Mahkemece fiili çalışma olgusunun varlığı yöntemince araştırılarak, çalışmanın geçtiği işyerine ait uyuşmazlık konusu döneme ilişkin tüm bordro kayıtları ile işyerine ait tescil ve kapsam durumunu belirtilen kayıtların Kurumdan celbi sağlanmalı, dinlenen tanıkların hizmet cetvellerinin getirtilmeli, re’sen araştırma ilkesi kapsamında davalı işyerinin bordrolarında uyuşmazlığa konu dönemin tamamını kapsar şekilde çalışması bulunan kayıtlı ve tarafsız bordro tanıkları re’sen belirlenerek, yeteri kadarının beyanlarına başvurulmalı; davacının hangi tarihte işe başladığı hususu açıkça sorulmalı, bordrolarda adı geçen kişilerin adreslerinin tespit edilememesi veya beyanları ile yetinilmediği takdirde, Sosyal Güvenlik Kurumu, zabıta, maliye, meslek odası aracılığı ve muhtarlık marifetiyle işyerine o tarihte komşu olan diğer işyerlerinde uyuşmazlık konusu dönemde çalıştığı tespit edilen kayıtlı komşu işyeri çalışanları; yoksa işyeri sahipleri araştırılıp tespit edilerek çalışmanın niteliği ile gerçek bir çalışma olup olmadığı yönünde yöntemince beyanları alınmalı, sigortalının kayıtlarda gözükmeyen çalışmalarının hangi nedenlerle kayıtlara geçmediği ya da bildirim dışı kaldığı hususu araştırılmalı, uyuşmazlık konusu husus, hiçbir kuşku ve duraksamaya yer bırakmayacak biçimde çözümlenip; deliller hep birlikte değerlendirilip takdir edilerek, varılacak sonuç uyarınca bir karar verilmelidir.

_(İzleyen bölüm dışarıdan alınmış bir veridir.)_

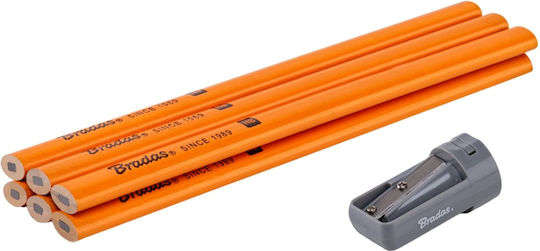 Bradas Set of Construction Pencils Sharpener Hb Oval Diy-pc2ov18or/s6b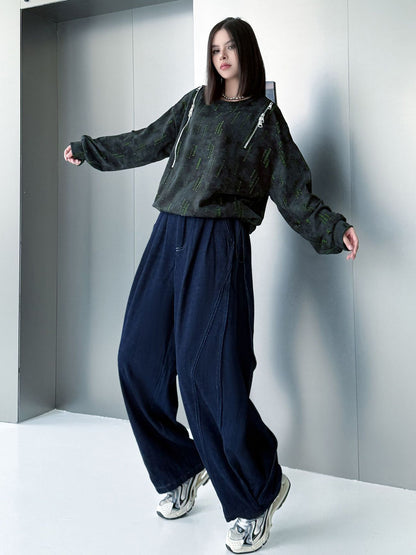 ウォッシュデニムワイドパンツ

O halde, davacı vekilinin bu yönleri amaçlayan temyiz itirazları kabul edilmeli ve ... Bölge Adliye Mahkemesi 10. Hukuk Dairesinin istinaf başvurularının esastan reddine ilişkin kararı kaldırılarak, İlk Derece Mahkemesince verilen hüküm bozulmalıdır.
SONUÇ: ... Bölge Adliye Mahkemesi 10. Hukuk Dairesi kararının HMK'nın 373/1. maddesi gereğince kaldırılarak, temyiz edilen ilk derece mahkemesi hükmünün yukarıda açıklanan nedenlerle BOZULMASINA, temyiz harcının istek halinde ilgiliye iadesine, dosyanın kararı veren İlk Derece Mahkemesine, kararın bir örneğinin Bölge Adliye Mahkemesine gönderilmesine, 06/06/2022 gününde oybirliğiyle karar verildi.